Le site demeure le grand inspirateur et les spectacles de cette période prennent racine dans l’exploration-même qui en est faite.
Je commence à ce moment à travailler avec la scénographe Valérie Jung. Cette collaboration, qui n’a jamais cessé, aura, au fil du vécu, généré un type bien particulier d’écriture scénique quasi commune et où la frontière entre l’écrit et la plastique s’est peu à peu évaporée. Cette époque va proposer en 1981 : « La Pilule Verte » (adaptation très libre de « Grâces et épouvantails de Witkiewicz, en 1982 : « L’Inauguration » (un scénario « circonstanciel » relatif à notre installation sauvage dans les casernes), en 1984 : « Est-ce que tu dors ? » (un scénario de fiction), en 1986 : « Roméo et Juliette » (une adaptation très libre de la pièce de Shakespeare) et en 1987 : « Interlude » (un scénario de fiction).
C’est alors que l’esthétique qui s’était développée jusqu’alors a débouché sur un désir d’écrire selon sa propre réalité mouvante et de faire de certains aspects emblématiques du vécu de la matière fictionnelle.
Et dès lors, c’est tout en continuant d’entretenir un rapport singulier avec l’espace, qu’un projet global d’écriture a vu le jour, sans volontarisme, cependant que sous-tendu par une thématique d’observation du quotidien mis en perspective.

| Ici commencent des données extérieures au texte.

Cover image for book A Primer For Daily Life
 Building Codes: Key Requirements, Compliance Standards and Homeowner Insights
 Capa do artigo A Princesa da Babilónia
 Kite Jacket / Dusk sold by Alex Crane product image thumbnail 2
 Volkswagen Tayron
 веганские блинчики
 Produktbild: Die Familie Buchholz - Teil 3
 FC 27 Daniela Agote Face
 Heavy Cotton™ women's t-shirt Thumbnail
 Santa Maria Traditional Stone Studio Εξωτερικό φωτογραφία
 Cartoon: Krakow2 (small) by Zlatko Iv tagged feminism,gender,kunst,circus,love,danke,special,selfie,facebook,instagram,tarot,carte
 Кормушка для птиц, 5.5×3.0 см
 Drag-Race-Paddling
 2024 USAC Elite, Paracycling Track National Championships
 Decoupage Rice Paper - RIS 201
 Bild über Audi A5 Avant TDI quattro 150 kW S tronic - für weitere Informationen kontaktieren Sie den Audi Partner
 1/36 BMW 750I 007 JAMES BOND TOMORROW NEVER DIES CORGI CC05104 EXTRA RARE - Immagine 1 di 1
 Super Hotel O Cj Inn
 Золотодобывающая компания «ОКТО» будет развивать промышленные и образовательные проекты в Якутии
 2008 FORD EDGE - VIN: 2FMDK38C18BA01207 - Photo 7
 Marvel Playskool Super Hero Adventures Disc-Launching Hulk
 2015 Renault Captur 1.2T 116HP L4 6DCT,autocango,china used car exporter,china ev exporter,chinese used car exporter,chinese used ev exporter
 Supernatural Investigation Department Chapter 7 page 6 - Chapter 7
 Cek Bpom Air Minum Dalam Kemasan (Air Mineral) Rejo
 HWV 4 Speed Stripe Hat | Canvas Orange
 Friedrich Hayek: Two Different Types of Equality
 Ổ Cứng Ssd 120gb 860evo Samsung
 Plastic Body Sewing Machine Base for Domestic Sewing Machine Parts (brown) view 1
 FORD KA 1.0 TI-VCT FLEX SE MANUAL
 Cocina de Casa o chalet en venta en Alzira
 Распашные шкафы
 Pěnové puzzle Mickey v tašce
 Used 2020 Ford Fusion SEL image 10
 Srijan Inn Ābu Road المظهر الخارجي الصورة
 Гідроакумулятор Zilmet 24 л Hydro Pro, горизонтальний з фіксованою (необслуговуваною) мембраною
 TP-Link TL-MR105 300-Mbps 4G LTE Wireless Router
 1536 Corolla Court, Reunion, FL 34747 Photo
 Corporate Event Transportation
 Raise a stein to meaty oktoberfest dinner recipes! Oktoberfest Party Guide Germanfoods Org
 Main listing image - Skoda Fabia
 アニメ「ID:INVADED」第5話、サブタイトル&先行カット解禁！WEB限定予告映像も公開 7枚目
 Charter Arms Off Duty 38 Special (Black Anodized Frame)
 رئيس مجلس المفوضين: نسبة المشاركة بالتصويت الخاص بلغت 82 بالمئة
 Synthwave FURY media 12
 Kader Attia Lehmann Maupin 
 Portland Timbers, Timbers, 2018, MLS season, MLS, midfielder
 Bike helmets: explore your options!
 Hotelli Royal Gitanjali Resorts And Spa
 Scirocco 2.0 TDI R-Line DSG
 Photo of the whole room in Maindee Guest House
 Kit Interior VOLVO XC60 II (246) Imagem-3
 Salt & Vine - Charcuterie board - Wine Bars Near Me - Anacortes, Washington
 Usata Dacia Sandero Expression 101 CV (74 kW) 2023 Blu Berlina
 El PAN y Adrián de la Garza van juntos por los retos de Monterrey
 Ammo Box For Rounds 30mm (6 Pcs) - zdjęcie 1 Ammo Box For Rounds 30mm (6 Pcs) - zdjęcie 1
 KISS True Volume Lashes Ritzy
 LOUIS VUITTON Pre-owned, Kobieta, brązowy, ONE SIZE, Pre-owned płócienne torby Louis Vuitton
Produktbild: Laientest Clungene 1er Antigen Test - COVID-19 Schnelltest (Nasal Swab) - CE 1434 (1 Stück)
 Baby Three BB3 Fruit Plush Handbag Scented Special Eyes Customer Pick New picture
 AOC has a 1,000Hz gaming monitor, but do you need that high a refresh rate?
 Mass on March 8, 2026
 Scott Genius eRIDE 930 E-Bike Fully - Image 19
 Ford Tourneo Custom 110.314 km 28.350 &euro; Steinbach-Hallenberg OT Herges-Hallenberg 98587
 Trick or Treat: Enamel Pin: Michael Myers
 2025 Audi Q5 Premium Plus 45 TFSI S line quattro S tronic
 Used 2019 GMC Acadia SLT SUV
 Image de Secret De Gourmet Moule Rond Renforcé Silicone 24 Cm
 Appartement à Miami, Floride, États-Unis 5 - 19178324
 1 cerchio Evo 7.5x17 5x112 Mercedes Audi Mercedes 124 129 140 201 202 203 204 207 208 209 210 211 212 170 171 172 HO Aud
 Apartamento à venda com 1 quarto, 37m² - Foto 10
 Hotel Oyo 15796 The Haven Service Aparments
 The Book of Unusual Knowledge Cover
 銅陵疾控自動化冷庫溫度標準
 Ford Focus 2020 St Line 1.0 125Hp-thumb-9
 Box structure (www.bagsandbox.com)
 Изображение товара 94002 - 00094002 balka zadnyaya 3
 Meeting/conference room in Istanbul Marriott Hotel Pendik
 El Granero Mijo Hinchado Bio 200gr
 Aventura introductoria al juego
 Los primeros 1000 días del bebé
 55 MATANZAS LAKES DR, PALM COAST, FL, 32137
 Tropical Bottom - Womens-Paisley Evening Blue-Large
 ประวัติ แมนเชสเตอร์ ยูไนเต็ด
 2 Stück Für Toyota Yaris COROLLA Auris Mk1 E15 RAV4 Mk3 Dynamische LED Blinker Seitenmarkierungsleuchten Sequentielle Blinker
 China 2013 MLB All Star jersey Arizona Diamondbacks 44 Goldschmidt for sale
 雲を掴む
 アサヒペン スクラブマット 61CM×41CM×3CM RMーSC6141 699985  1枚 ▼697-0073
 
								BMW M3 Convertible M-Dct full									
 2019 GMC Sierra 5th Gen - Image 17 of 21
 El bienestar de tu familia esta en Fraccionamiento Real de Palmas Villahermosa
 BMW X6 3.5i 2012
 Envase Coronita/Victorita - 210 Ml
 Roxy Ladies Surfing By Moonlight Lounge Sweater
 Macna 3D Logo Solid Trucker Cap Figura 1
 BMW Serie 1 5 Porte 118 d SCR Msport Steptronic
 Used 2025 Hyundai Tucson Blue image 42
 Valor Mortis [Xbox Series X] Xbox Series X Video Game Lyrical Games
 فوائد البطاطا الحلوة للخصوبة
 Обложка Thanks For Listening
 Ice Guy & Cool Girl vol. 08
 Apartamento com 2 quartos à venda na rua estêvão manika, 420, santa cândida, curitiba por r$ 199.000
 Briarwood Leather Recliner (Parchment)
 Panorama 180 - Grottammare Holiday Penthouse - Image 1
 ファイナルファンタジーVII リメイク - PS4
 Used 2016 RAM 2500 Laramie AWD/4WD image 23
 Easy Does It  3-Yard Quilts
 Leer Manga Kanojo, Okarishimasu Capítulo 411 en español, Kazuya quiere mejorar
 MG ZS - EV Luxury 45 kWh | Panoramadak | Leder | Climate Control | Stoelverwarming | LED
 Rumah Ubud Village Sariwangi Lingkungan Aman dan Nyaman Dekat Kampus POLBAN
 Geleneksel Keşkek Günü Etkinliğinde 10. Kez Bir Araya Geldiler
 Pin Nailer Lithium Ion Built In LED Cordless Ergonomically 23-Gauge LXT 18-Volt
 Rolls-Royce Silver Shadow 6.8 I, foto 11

Le tissu émotionnel humain placé dans un réseau d’expérimentation physique de la matière a ainsi contribué à la confection des spectacles de cette période.
Dans ce qui commençait à se tisser comme une chronologie, deux textes du répertoire ont cependant été montés ; mais le choix de ceux-ci appartenait pleinement à la recherche temporelle en train de se mettre en place. Cette époque va donc proposer en 1988 : « La Théorie du Mouchoir » (un scénario), en 1989 : « Le plus heureux des trois » - Labiche, en 1991 : « Les Chutes du Niagara » (un storyboard), en 1993 : « Mademoiselle Julie » - Strindberg, en 1994 : « La guenon captive » (une pièce), en 1996 : « Nature Morte » (une partition dessinée).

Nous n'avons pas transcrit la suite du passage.